Copy the listing in full and exactly, omitting its images.

- [Data shown]:
┌──

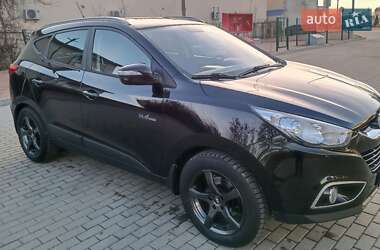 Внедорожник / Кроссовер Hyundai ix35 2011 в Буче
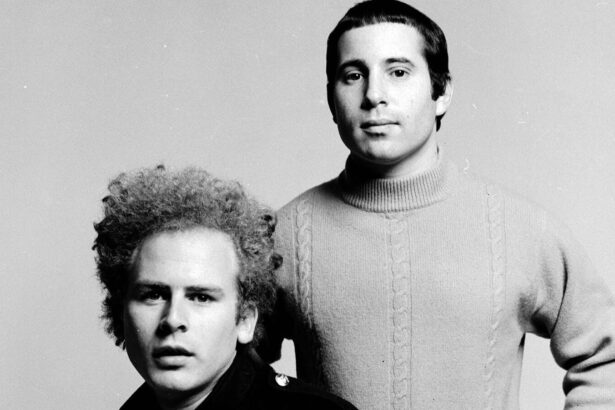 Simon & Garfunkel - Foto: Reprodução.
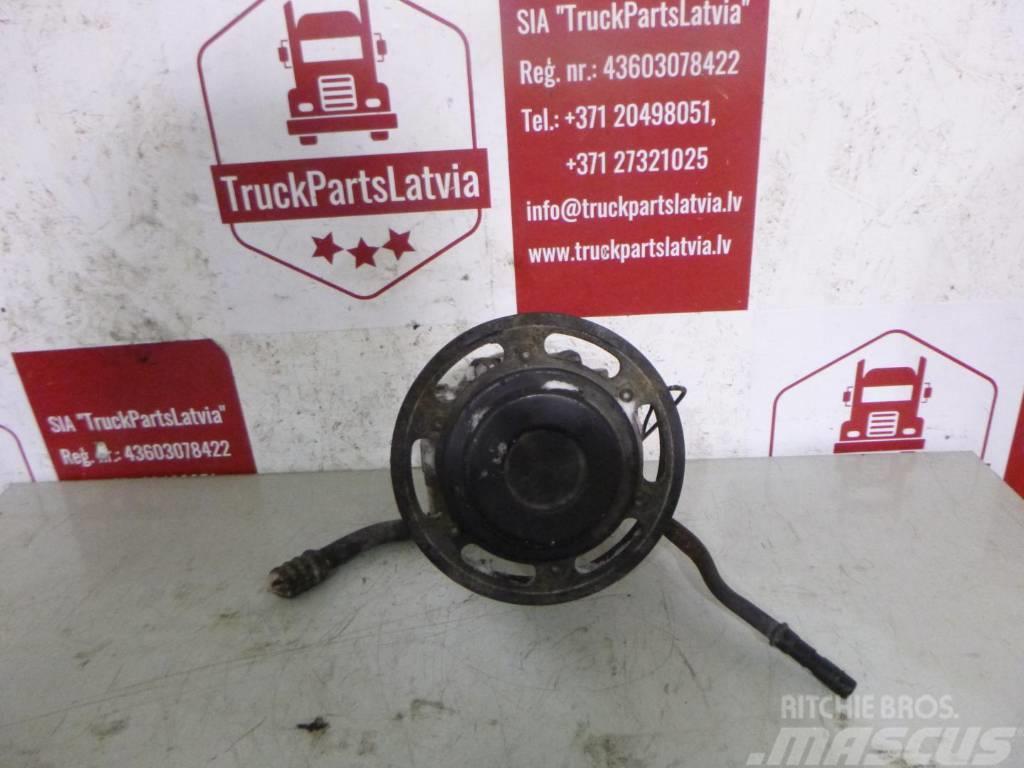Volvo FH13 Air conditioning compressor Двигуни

└──

- [Task output]:
 Внедорожник / Кроссовер Hyundai ix35 2011 в Буче
 Simon & Garfunkel - Foto: Reprodução.
Volvo FH13 Air conditioning compressor Двигуни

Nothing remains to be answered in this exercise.